Return more useful error information when a persistent volume fails to mount #23122

screeley44 · 2016-03-17T14:25:27Z

Fixes #22992
Fixes #23048 - resolves following issues - UXP issues

volume plugin type errors are not being surfaced to pod describe events properly when a failure occurs with PV/PVC volume building - for example plugin builder fails if secrets or endpoints are missing (rbd or glusterfs). The user only sees a generic error that has incorrect meaning "unsupported volume type"

see issues #22992 and #23048 for more details

k8s-bot · 2016-03-17T14:26:15Z

Can one of the admins verify that this patch is reasonable to test? (reply "ok to test", or if you trust the user, reply "add to whitelist")

This message may repeat a few times in short succession due to jenkinsci/ghprb-plugin#292. Sorry.

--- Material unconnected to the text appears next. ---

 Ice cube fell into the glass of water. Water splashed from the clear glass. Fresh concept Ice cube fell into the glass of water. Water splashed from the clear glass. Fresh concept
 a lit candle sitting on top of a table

Otherwise, if this message is too spammy, please complain to ixdy.

k8s-bot · 2016-03-17T14:26:34Z

Can one of the admins verify that this patch is reasonable to test? (reply "ok to test", or if you trust the user, reply "add to whitelist")

This message may repeat a few times in short succession due to jenkinsci/ghprb-plugin#292. Sorry.

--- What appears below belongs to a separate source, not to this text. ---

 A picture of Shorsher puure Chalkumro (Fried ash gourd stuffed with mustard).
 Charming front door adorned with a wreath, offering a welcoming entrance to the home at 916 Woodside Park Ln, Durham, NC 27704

Otherwise, if this message is too spammy, please complain to ixdy.

k8s-bot · 2016-03-17T14:27:14Z

Can one of the admins verify that this patch is reasonable to test? (reply "ok to test", or if you trust the user, reply "add to whitelist")

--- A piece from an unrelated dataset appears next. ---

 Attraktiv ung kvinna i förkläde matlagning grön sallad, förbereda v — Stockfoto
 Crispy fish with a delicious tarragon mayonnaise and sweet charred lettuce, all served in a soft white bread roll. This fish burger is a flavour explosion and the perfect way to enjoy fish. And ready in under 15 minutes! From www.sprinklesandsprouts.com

This message may repeat a few times in short succession due to jenkinsci/ghprb-plugin#292. Sorry.

Otherwise, if this message is too spammy, please complain to ixdy.

k8s-github-robot · 2016-03-17T14:29:54Z

Labelling this PR as size/XS

screeley44 · 2016-03-17T16:04:39Z

@smarterclayton @pmorie @pweil- please review

pweil- · 2016-03-17T17:00:54Z

pkg/kubelet/volumes.go

@@ -34,7 +35,7 @@ import (
 	"k8s.io/kubernetes/pkg/volume"
 )

-var errUnsupportedVolumeType = fmt.Errorf("unsupported volume type")
+var errUnsupportedVolumeType = fmt.Errorf("failed volume mount, check previous pod describe events or logs for more details")


@screeley44 @pmorie - I took a look at the usages of this error. It looks like some of the usages (NewWrapperBuilder, NewWrapperCleaner) will actually hide the underlying error from the New* call and some don't (mountExternalVolumes). Should we go ahead and standardize that too?

I'll defer to folks who are in this code more than me.

pmorie · 2016-03-18T04:32:06Z

There are a few different problems to untangle here:

NewWrapperBuilder and NewWrapperCleaner in volumes.go both swallow errors when making their respective result objects; we should instead be passing those back
newVolumeBuilderFromPlugins should return a nil and an error, or a builder and no error, and not locating a volume plugin should be considered an error. Remove the check for a nil builder in mountExternalVolumes
unsupported volume type doesn't mean anything to anyone -- the error message for this case should be something like "Unable to find a volume plugin that can handle volume of type X` -- there's some overlap with the stuff @pweil is doing with volumes and OpenShift SCCs (which is not yet ported upstream) that has some code for getting user-facing labels from Volume specs that could be used to provide a meaningful guess at the volume type, but I think in practice this error message should almost never happen.

I believe if we make these changes both the error message in the pod status and the message in the event will have the accurate root cause.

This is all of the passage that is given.